#### Exercise data
★ ★ ★ ★ ★ ★ ★

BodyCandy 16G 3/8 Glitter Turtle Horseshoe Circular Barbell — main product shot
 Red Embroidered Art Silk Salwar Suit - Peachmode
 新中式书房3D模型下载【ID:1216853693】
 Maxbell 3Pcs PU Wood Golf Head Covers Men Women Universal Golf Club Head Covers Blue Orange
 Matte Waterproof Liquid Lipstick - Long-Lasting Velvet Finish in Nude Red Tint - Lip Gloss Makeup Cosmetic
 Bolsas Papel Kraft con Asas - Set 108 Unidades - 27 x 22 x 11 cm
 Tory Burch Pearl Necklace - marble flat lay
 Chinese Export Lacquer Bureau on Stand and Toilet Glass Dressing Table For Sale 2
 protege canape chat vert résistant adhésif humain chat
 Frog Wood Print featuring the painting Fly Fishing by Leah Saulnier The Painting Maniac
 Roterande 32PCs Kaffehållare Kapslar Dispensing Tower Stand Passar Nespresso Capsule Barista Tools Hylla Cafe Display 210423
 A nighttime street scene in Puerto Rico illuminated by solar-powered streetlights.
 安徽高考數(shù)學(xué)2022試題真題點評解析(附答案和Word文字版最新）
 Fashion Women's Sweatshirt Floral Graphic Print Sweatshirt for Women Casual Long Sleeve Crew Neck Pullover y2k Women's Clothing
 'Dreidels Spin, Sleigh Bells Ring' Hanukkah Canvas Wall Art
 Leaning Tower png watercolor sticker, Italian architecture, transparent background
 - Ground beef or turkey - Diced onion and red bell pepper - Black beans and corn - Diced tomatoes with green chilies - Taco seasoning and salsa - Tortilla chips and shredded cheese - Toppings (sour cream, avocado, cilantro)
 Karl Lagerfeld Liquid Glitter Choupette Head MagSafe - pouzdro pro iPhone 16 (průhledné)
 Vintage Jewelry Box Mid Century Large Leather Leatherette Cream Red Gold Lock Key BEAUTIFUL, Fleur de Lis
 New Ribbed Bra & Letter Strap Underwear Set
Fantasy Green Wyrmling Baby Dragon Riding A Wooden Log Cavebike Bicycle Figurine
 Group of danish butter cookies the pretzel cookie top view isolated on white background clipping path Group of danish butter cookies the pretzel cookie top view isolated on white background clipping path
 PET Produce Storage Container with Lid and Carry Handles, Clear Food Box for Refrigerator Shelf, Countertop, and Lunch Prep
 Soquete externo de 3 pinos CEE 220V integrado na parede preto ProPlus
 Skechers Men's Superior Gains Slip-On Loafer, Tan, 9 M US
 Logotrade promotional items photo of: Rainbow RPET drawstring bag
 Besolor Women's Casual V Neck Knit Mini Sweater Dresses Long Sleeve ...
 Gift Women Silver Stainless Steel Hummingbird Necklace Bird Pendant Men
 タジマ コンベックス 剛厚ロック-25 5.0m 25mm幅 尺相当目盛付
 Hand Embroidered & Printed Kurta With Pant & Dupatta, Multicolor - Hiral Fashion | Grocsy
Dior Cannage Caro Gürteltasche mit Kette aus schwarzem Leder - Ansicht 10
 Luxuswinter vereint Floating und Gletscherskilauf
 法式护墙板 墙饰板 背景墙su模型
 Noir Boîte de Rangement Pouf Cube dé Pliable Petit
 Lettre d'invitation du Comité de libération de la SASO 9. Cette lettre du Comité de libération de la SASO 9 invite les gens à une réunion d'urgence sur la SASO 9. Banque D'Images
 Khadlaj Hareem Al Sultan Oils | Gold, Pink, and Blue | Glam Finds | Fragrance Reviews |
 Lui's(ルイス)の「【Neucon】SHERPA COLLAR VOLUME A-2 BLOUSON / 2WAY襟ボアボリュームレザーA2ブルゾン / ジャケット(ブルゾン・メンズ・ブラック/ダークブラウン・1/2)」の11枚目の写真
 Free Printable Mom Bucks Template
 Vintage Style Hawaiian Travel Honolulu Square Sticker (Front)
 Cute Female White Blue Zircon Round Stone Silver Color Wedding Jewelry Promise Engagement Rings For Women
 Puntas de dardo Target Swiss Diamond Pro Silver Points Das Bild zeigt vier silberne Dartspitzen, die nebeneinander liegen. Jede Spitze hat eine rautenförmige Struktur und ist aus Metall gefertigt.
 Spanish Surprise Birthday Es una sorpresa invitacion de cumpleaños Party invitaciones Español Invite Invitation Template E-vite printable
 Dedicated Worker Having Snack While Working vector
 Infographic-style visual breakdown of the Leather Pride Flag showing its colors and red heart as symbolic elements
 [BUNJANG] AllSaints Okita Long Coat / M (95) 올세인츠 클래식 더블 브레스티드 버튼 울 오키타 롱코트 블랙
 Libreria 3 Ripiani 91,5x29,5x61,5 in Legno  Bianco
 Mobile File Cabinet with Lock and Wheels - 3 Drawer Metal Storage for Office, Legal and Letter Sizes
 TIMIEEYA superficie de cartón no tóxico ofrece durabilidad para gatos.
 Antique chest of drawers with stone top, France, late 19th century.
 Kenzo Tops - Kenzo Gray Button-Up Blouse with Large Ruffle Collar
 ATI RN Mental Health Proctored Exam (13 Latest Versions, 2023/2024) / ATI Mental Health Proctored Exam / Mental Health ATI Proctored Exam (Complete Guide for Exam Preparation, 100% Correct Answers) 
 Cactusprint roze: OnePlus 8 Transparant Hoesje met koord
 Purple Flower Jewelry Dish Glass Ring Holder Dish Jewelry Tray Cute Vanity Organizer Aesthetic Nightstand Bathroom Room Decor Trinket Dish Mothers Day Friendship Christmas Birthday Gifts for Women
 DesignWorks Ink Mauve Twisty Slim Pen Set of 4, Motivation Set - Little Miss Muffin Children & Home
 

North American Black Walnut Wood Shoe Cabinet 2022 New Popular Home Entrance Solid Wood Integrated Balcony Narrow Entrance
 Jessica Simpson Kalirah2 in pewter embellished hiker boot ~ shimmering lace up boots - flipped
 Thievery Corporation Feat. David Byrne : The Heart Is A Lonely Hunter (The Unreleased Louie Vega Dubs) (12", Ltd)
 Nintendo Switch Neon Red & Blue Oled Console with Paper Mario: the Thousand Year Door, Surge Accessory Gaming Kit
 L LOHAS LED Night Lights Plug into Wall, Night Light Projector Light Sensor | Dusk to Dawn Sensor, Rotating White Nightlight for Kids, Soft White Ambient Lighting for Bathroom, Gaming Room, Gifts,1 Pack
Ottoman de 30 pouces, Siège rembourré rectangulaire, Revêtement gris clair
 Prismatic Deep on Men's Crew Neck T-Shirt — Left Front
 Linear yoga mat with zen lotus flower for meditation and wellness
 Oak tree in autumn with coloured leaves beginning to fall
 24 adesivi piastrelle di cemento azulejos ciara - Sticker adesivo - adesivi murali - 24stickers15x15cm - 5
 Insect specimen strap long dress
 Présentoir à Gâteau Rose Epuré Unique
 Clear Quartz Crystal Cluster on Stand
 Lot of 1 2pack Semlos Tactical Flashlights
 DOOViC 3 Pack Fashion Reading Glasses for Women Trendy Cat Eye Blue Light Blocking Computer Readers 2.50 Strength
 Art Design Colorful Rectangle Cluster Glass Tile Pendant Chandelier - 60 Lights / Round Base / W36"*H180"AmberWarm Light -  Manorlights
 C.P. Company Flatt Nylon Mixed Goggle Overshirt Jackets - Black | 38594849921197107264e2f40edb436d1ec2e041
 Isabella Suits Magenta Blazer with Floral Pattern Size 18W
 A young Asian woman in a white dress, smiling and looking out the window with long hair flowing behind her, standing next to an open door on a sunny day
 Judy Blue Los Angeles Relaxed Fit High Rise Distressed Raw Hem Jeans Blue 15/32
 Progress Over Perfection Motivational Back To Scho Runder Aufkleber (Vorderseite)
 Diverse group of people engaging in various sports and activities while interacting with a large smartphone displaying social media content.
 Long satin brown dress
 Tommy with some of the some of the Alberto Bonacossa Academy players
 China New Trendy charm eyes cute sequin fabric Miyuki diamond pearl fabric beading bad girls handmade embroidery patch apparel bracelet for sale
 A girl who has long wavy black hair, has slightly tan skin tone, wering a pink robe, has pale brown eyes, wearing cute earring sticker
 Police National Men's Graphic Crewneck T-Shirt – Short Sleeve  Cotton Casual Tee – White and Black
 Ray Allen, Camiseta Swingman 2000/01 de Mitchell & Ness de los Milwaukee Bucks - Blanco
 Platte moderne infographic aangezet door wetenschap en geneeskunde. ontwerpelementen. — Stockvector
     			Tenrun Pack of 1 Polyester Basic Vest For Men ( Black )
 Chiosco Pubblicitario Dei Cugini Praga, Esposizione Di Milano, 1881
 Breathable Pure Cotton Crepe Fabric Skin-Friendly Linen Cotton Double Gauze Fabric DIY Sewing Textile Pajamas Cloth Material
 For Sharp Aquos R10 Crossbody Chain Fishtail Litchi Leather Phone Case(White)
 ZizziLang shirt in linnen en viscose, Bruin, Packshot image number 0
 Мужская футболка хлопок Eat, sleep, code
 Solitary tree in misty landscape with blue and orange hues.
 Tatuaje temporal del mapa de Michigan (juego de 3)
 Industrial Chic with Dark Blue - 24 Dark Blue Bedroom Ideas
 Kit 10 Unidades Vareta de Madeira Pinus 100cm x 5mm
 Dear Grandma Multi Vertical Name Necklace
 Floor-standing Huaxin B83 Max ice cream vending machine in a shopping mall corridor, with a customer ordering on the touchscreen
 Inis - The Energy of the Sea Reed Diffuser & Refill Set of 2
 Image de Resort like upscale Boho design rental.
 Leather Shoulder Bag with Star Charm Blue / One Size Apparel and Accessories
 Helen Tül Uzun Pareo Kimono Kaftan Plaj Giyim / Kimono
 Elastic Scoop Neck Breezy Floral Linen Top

★ ★ ★ ★ ★ ★ ★

#### Description of the task
Set every line down again exactly. Begin with the first line of the entries and finish with the line containing "- Ground beef".

#### Answer below
BodyCandy 16G 3/8 Glitter Turtle Horseshoe Circular Barbell — main product shot
 Red Embroidered Art Silk Salwar Suit - Peachmode
 新中式书房3D模型下载【ID:1216853693】
 Maxbell 3Pcs PU Wood Golf Head Covers Men Women Universal Golf Club Head Covers Blue Orange
 Matte Waterproof Liquid Lipstick - Long-Lasting Velvet Finish in Nude Red Tint - Lip Gloss Makeup Cosmetic
 Bolsas Papel Kraft con Asas - Set 108 Unidades - 27 x 22 x 11 cm
 Tory Burch Pearl Necklace - marble flat lay
 Chinese Export Lacquer Bureau on Stand and Toilet Glass Dressing Table For Sale 2
 protege canape chat vert résistant adhésif humain chat
 Frog Wood Print featuring the painting Fly Fishing by Leah Saulnier The Painting Maniac
 Roterande 32PCs Kaffehållare Kapslar Dispensing Tower Stand Passar Nespresso Capsule Barista Tools Hylla Cafe Display 210423
 A nighttime street scene in Puerto Rico illuminated by solar-powered streetlights.
 安徽高考數(shù)學(xué)2022試題真題點評解析(附答案和Word文字版最新）
 Fashion Women's Sweatshirt Floral Graphic Print Sweatshirt for Women Casual Long Sleeve Crew Neck Pullover y2k Women's Clothing
 'Dreidels Spin, Sleigh Bells Ring' Hanukkah Canvas Wall Art
 Leaning Tower png watercolor sticker, Italian architecture, transparent background
 - Ground beef or turkey - Diced onion and red bell pepper - Black beans and corn - Diced tomatoes with green chilies - Taco seasoning and salsa - Tortilla chips and shredded cheese - Toppings (sour cream, avocado, cilantro)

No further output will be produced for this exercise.